Likewise, how can any nation manage with only 38 million souls inside almost 245,000 kilometres of coastline?
But we do. Not as well as we used to though. The rise of right-wing extremism which has been fostered by pandering politicians is threatening our calm decency.
In addition to figuring out how to manage the disinformation spread by the 'freedom' convoy yokels there’s lots we need to do in this country – most importantly the unfinished work of reconciliation with Indigenous peoples and confronting issues of racism that lurk beneath the surface. There are widely differing views on how to do that and much else.
There are pipeline disputes. There are squabbles over the inter-provincial beer and wine trade. And brewing battles over the equalization formula.

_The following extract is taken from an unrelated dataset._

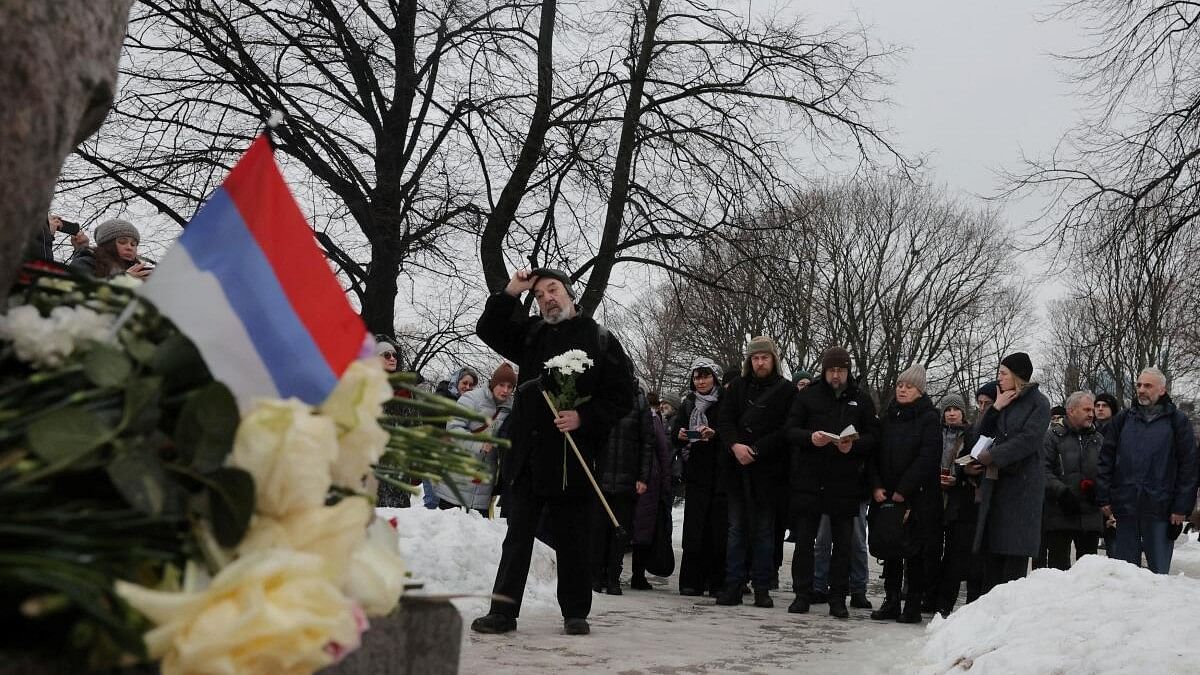 <div class="paragraphs"><p>People gather at the Solovetsky Stone monument to the victims of political repressions to honour the memory of Russian opposition leader Alexei Navalny, in Saint Petersburg, Russia.</p></div>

But you have to be a pretty sensible land in the first place to even have an equalization formula.
There’s plenty of reason – in taking stock of what we’ve built, what we’ve got and what we aspire to – to kick back and celebrate.
For many, moreover, Canada has been the world’s chosen land – and a recent study says we are happy to be so.
In fact, as we celebrate Canada Day, the surveys once again confirm the blessings of living in this land. Canada is the most inclusive and tolerant country in the world (Ipsos), the second best place in the world to live, after Switzerland (U.S. News and World Report). Canadians are among the happiest people on Earth (ranked seventh according to a United Nations report), in part because we live in one of the safest places on Earth (ranked sixth, according to the Global Peace Index) and our cities enjoy the highest quality of life in the Western hemisphere (Mercer Quality of Living Survey).
Lots to be proud of as we raise a glass of something tasty and Canadian and toast our great nation.